もしかしたら・・肉体を改造して女体になることも考えている。
「今日は俺の家へ来ないかい・・・散らかっていて汚い所だが・・な。下の店には
今日は誰もいないから・・」
2人の住んでいる街が近づいて来ると、ハンドツを握っている熊さんがオズオズと言い
出した。
いずれは熊さんのところに行く積りであったが、熊さんと同様に離れがたくなっていた
昌子は頷いている。
『熊さんが如何云うところに住んでいるのかしら・・』と云う興味もあった・・
「散らかっていて・・恥ずかしいのだが・・まぁ・・上がってくれよ・・?」
200坪ばかりの敷地に1部2階建ての家が熊さんのお店兼住宅だった。
1階は工務店になっているらしく、裏に階段があり2階が住宅になっていた。
普段日ならば、お店の従業員や労務者がいるところであろうが、今日は休みとあ
って誰も店にはいない。明かりも消えていた。
外階段を上がると玄関があり、熊さんのプライベートルームである。
「おじゃまいたします・・」
昌子は今は男の恰好をしているが、車の中での熊さんとの会話ですっかり女になって
いる。
「忙しくって・・死んだ女房の物も片付けていないんだ・・ゴメンね」
なるほど、1年ちょっとの男の独り暮らしのためにか、足の踏み場もない・・と云う程
ではないが、相当散らかっている。
開け放されている扉の向こう側は寝室らしくって、ダブルのベッドと白い洋服ダンスと
鏡台が見えていた。
こちらの部屋は居間と見えて、仏壇みたいなものが置かれていて萎れた花が添えて
あり、遺影があるのに昌子は気付いた。
それは昌子よりも20歳は若いと思われる美しい女の写真であった。
昌子はその遺影に向かって手を合わせて、暫くの間拝んでいた。
「昌子。
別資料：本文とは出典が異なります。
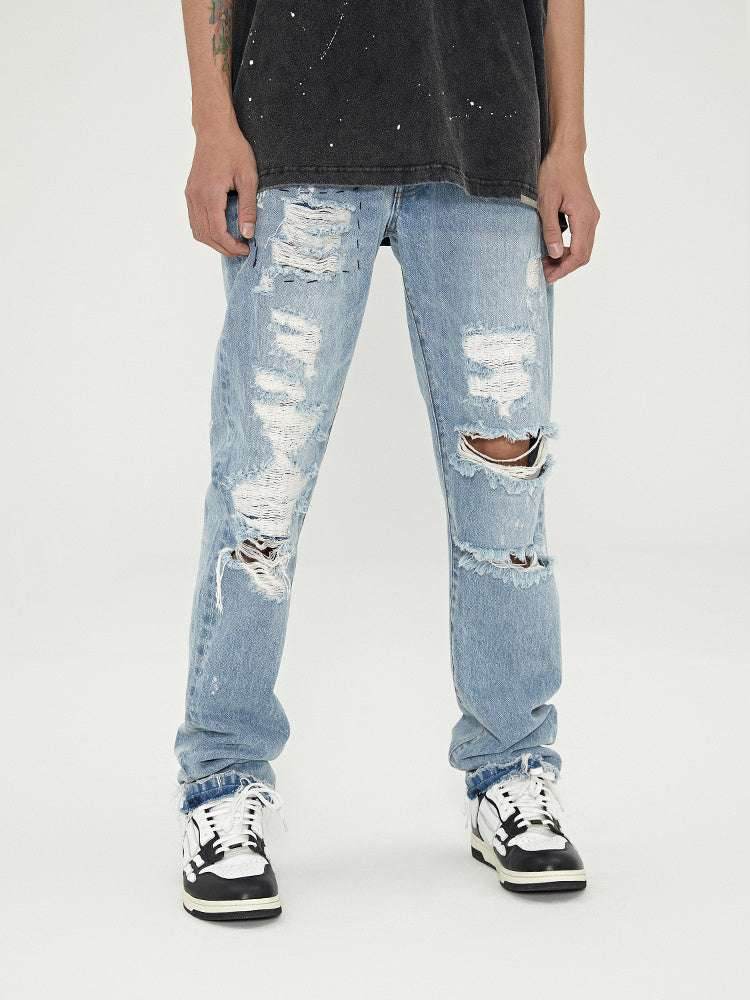 Distressed Washed Retro Light-colored Jeans With Ripped Raw Edges Blue MuddyStock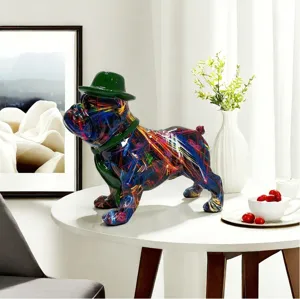 Detailed view of colorful graffiti resin French bulldog figurine with green hat, home decor scene.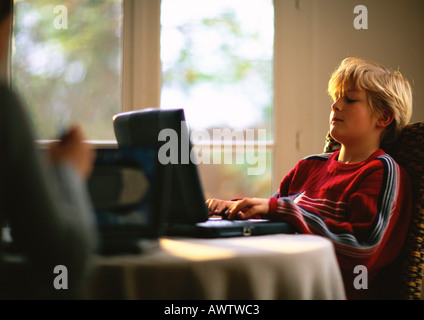 Ragazzo seduto a tavola utilizzando il computer, seconda persona sfocato in primo piano Foto Stock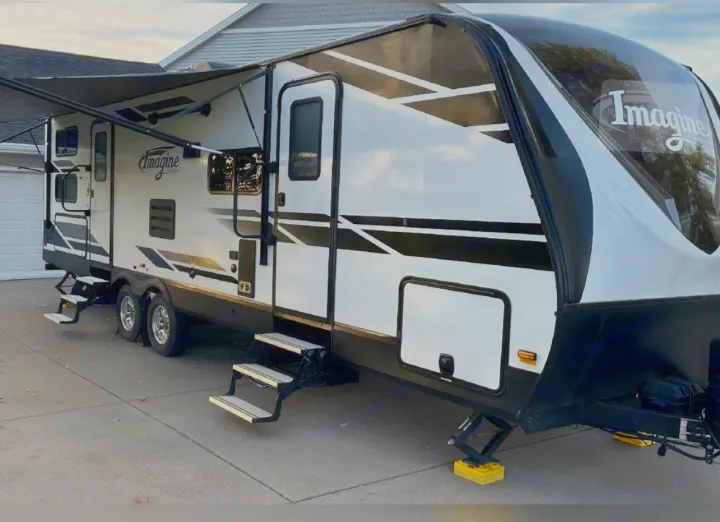 Explore the open road! This spacious white and black travel trailer, an Imagine **RV rental**, is parked and ready for your adventure.. Grand Design Imagine 2020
アリガトウ。だけど・・そんなに永い間、何を拝んでいたのだい・・?」
「茶が入ったぞ。こっちへお出で・・よ」
お茶を入れた熊さんが散らかったテーブルの上を片付けながら、拝んでいる昌子の後
ろ姿に気づいて怪訝な顔をしている。
「あらっ・・ありがとうございます。奥様に謝っていたのです・・旦那様をわたしに
ください。大切にいたしますから・・。奥様にお願いしていましたのよ・・」(つづく
)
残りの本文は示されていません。